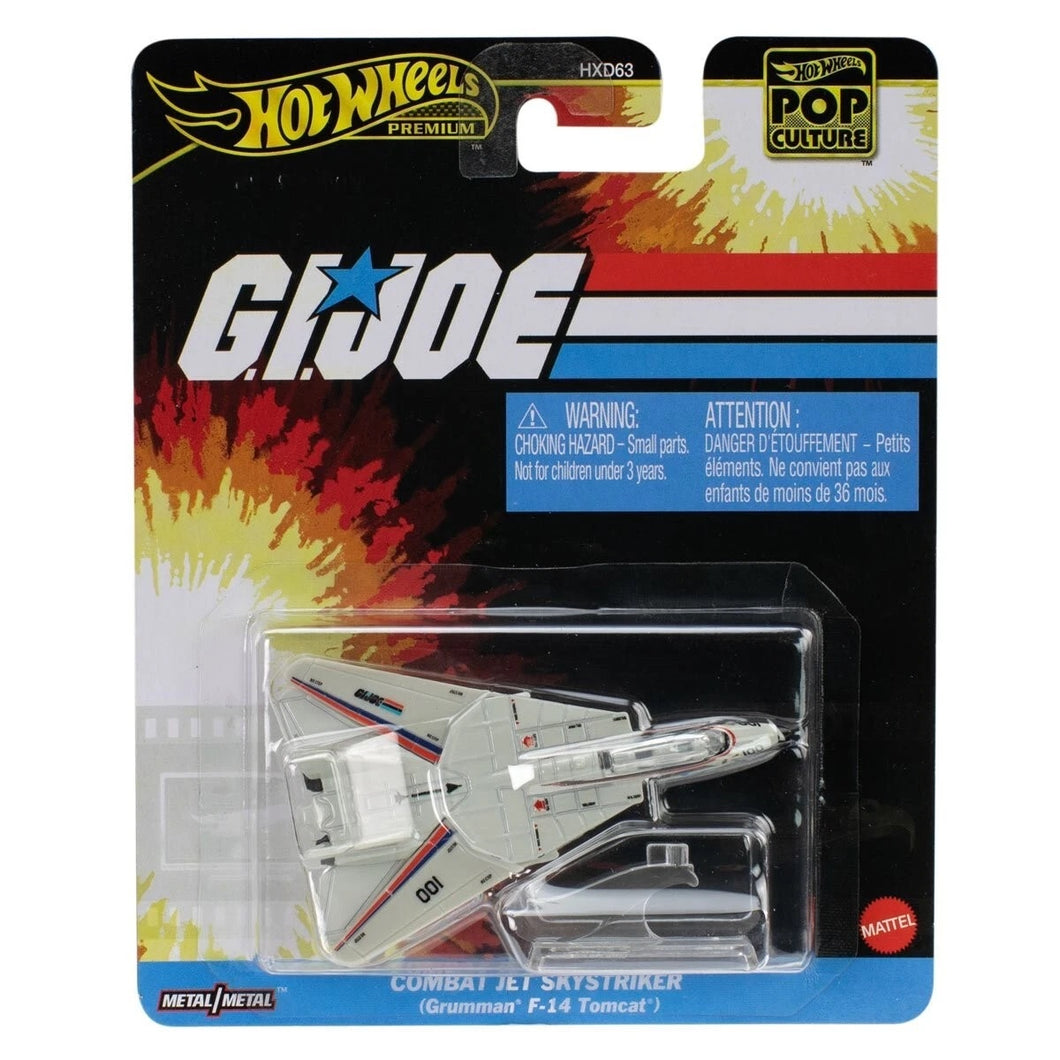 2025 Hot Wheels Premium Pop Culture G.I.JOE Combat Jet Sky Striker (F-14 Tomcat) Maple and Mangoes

* * *

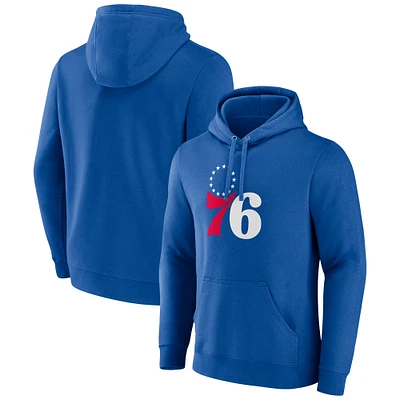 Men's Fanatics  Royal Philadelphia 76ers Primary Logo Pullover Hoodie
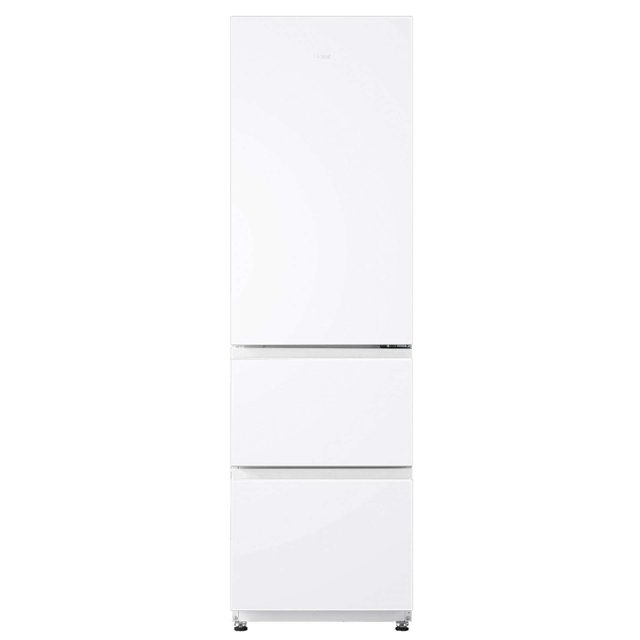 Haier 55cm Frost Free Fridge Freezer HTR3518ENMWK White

What is needed :: In the records above, find the line with "Logo Pullover Hoodie" and the line with "Haier 55cm Frost", then restate word for word only those two lines and all lines between, omitting pictures.

Response to this exercise ::
 Men's Fanatics  Royal Philadelphia 76ers Primary Logo Pullover Hoodie
 Haier 55cm Frost Free Fridge Freezer HTR3518ENMWK White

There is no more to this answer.